A company manufactures two products. Profit is given by:

$$P(x, y) = 50x + 40y$$

Subject to constraints:
- Machine A: 2x + y <= 100 (hours)
- Machine B: x + 3y <= 90 (hours)
- x, y >= 0 (non-negative production)

1. Set up the optimization problem (maximize profit = minimize -profit) (3 points)
2. Define all constraints properly (3 points)
3. Solve and report optimal production quantities and maximum profit (4 points)

In [None]:
# Your code here


### Question 10: Root Finding (8 points)

The Colebrook equation is used in fluid mechanics to find the friction factor f:

$$\frac{1}{\sqrt{f}} = -2 \log_{10}\left(\frac{\epsilon/D}{3.7} + \frac{2.51}{Re \sqrt{f}}\right)$$

Given: Reynolds number Re = 100000, relative roughness epsilon/D = 0.001

1. Rearrange as g(f) = 0 for root finding (2 points)
2. Use `brentq` to solve for f in the interval [0.01, 0.1] (3 points)
3. Verify your solution by substituting back (3 points)

In [None]:
# Given parameters
Re = 100000
eps_D = 0.001  # epsilon/D

# Your code here


---

## Part 4: Integration and ODEs (Questions 11-12)

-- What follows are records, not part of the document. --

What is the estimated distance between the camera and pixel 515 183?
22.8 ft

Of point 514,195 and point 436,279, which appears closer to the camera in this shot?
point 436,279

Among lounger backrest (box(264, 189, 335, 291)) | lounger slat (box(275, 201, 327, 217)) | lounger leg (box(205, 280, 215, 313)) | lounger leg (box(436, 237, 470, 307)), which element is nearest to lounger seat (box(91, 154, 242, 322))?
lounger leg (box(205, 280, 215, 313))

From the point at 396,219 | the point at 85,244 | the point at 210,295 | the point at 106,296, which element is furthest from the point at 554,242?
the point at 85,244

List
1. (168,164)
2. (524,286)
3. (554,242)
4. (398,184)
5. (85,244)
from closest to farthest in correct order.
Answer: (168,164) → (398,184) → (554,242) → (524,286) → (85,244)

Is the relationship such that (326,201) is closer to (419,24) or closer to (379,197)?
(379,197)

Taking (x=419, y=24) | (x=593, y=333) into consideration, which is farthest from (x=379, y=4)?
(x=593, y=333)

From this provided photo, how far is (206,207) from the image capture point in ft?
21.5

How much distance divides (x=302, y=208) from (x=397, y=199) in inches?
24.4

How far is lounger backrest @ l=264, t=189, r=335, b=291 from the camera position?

### Question 11: Numerical Integration (8 points)

The gamma function is defined as:

$$\Gamma(n) = \int_0^\infty t^{n-1} e^{-t} dt$$

For positive integers, Gamma(n) = (n-1)!

1. Implement the gamma function using `quad` (3 points)
2. Calculate Gamma(5) and verify it equals 4! = 24 (2 points)
3. Calculate Gamma(0.5) and verify it equals sqrt(pi) (3 points)

In [None]:
# Your code here


### Question 12: Solving ODEs (10 points)

A pendulum's motion is described by:

$$\frac{d^2\theta}{dt^2} = -\frac{g}{L}\sin(\theta) - b\frac{d\theta}{dt}$$

where g = 9.81 m/s^2, L = 1 m (length), and b = 0.5 (damping).

Initial conditions: theta(0) = pi/4 (45 degrees), omega(0) = 0 (starts from rest)

1. Convert to a system of first-order ODEs (2 points)
2. Solve using `solve_ivp` for t = 0 to 20 seconds (3 points)
3. Plot theta vs time (2 points)
4. Create a phase portrait (theta vs omega) (3 points)

In [None]:
# Parameters
g = 9.81  # m/s^2
L = 1.0   # m
b = 0.5   # damping coefficient

# Initial conditions
theta0 = np.pi / 4  # 45 degrees
omega0 = 0          # starts from rest

# Your code here


---

## End of Test

**Total Points: 100**

Make sure all cells have been executed and your answers are complete before submitting.